Approved 25-3, it allows phone companies to get a TV franchise from the state rather than require them to go to each city for a franchise, which cable companies have to do under existing law.
The bill also allows phone companies to offer TV service in only the areas in a city they choose to serve.
Current law generally forces cities to require cable-franchise holders to offer service to all homes. Companies that receive a state franchise would be required to pay a fee based on their gross revenues and would be subject to other requirements.
Agreements between cities and companies would remain in effect until they expire.
The bill also addresses telephone rates and lets phone companies in areas with populations of 100,000 people set their own phone rates if the service is packaged with other services, such as call waiting.
Phone companies could start offering their own rates in suburban markets in 2006 as long as there are three other competitors in the area.
The Public Utility Commission would have to determine whether rural areas are competitive before phone companies could set their own rates there.
Companies would be required to reduce their local access rates charged for long-distance telephone calls within Texas from 6 cents per minute to 1 cent per minute, though the reductions will take place during several years.
[Voting against Fraser's bill] were Sens. Kip Averitt, R-McGregor, Jon Lindsay, R-Houston, and Bob Deuell, R-Greenville.
They raised concerns including the financial impact on cities that rely on cable franchises for millions of dollars in revenue and what they said were unfair advantages for big phone companies. They also said the Legislature was needlessly rushing to act on a complex issue that needed more research.
"I am concerned that the Senate hasn't had enough time," Averitt said. "I think there are issues here that need to be fully vetted out."
A statewide association representing Time Warner Cable Inc. and others said the legislation will let phone giants cherry-pick the most affluent customers for their new television ventures instead of providing service communitywide as cable providers are required to do.
"Texas taxpayers are on the losing end of this massive lobbying campaign by SBC and Verizon (Communications Inc.)," Tom Kinney, chairman of the Texas Cable & Telecommunications Association and president of Time Warner Cable Austin, said in a statement.
He said the legislation would allow phone companies to "redline and divide communities" on television service. Kinney also said phone rates would rise under the proposal, while allowing SBC and other phone companies to hold on to several hundred million dollars a year in state subsidies for phone service in rural areas.
On Tuesday, the mayors of Austin, Dallas, Houston and other large Texas cities sent Fraser a strongly worded letter opposing the legislation, saying that it will reduce city revenue from franchise agreements and allow SBC and other new providers to offer service only in affluent neighborhoods.
Texas cities remain opposed, but a spokesman for a statewide coalition said Fraser's legislation is an improvement over earlier proposals.

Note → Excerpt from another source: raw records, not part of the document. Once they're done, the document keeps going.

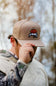 A man wearing a tan baseball cap with a dog patch on the front, holding the brim with one hand. The background is a soft-focus outdoor scene with trees.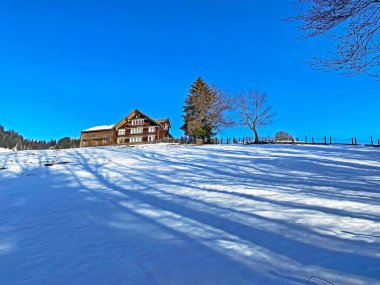 Idyllic Swiss alp dağ kulübeleri ve kışlık giysiler içinde geleneksel İsviçre kırsal mimarisi ve Obertoggenburg bölgesinde yeni bir kar örtüsü, Unterwasser - İsviçre 'nin St. Gallen Kantonu (Schweiz)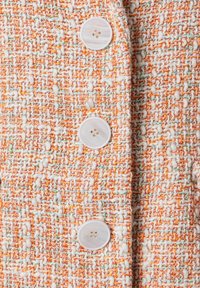 Tissu texturé avec des fils multicolores en orange, blanc et vert. Présente de grands boutons ronds de couleur claire le long du devant.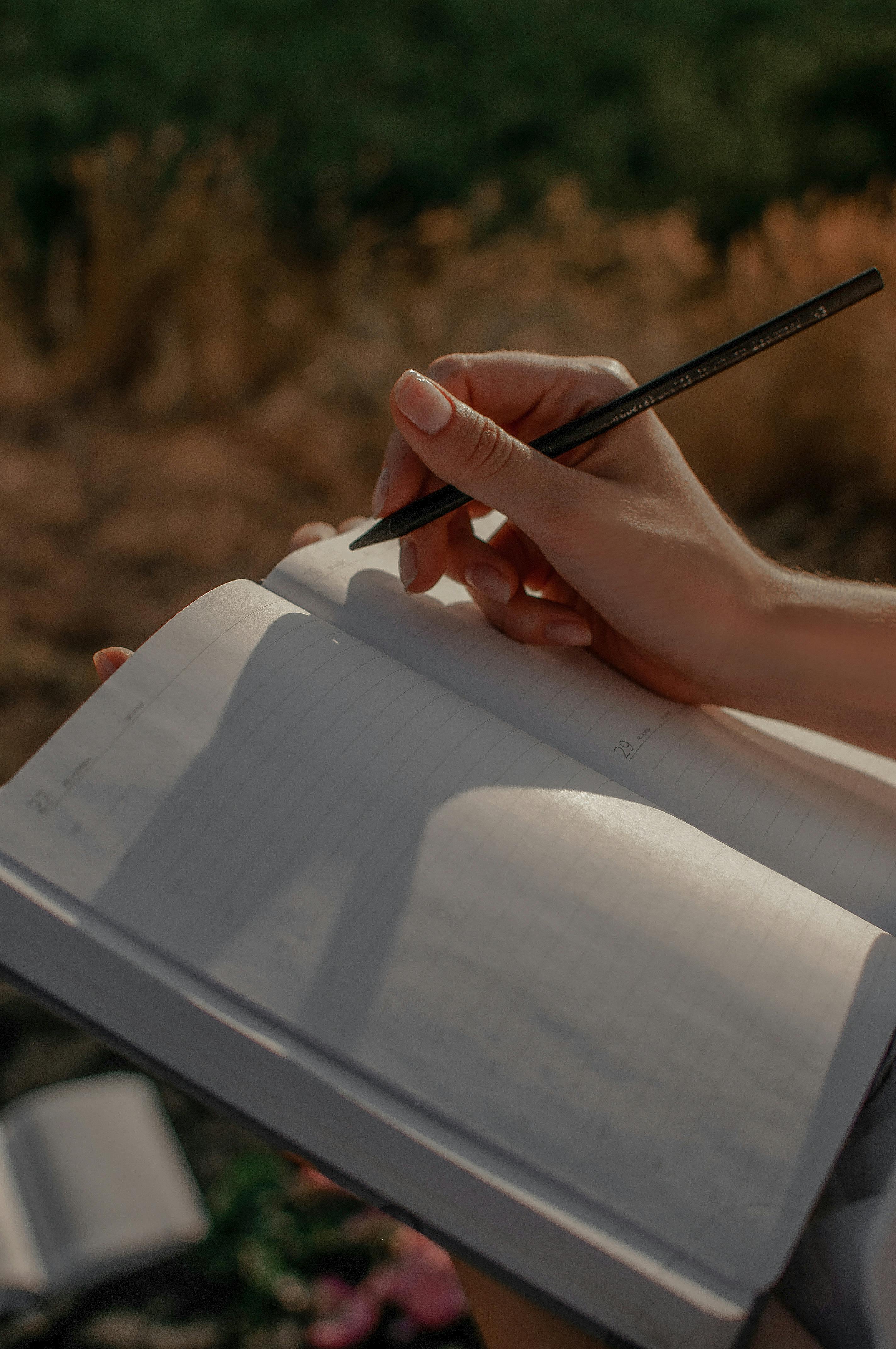 A woman writing in a journal | Source: Pexels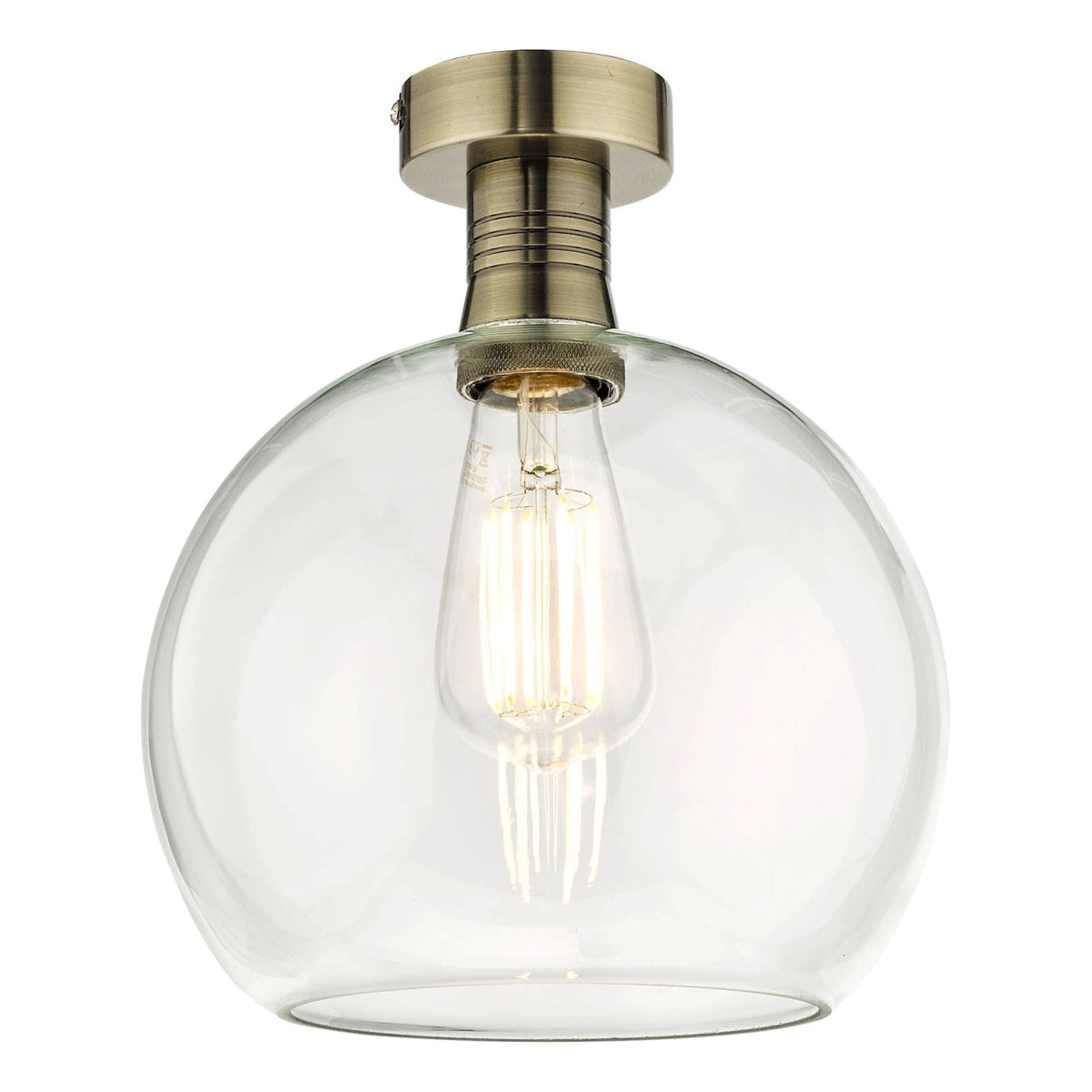 A clear glass dome ceiling light with a brass base and an exposed filament bulb.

"Do I wish we weren't headed that way? Yes," said Frank Sturzl, executive director of the Texas Municipal League. "But I think that the handwriting is on the wall."
The good news, according to Save Muni Wireless, which expressed similar concerns as the mayors, is that the dreaded anti-municipal broadband provision was not in this bill. However, they say "having the bill in play raises the risk of amendments, as we saw in the regular session". I think that's unlikely to happen at this point, but nothing is ever certain in the waning days of a legislative session. Barring anything strange, look for SB21 to get adopted by the House today.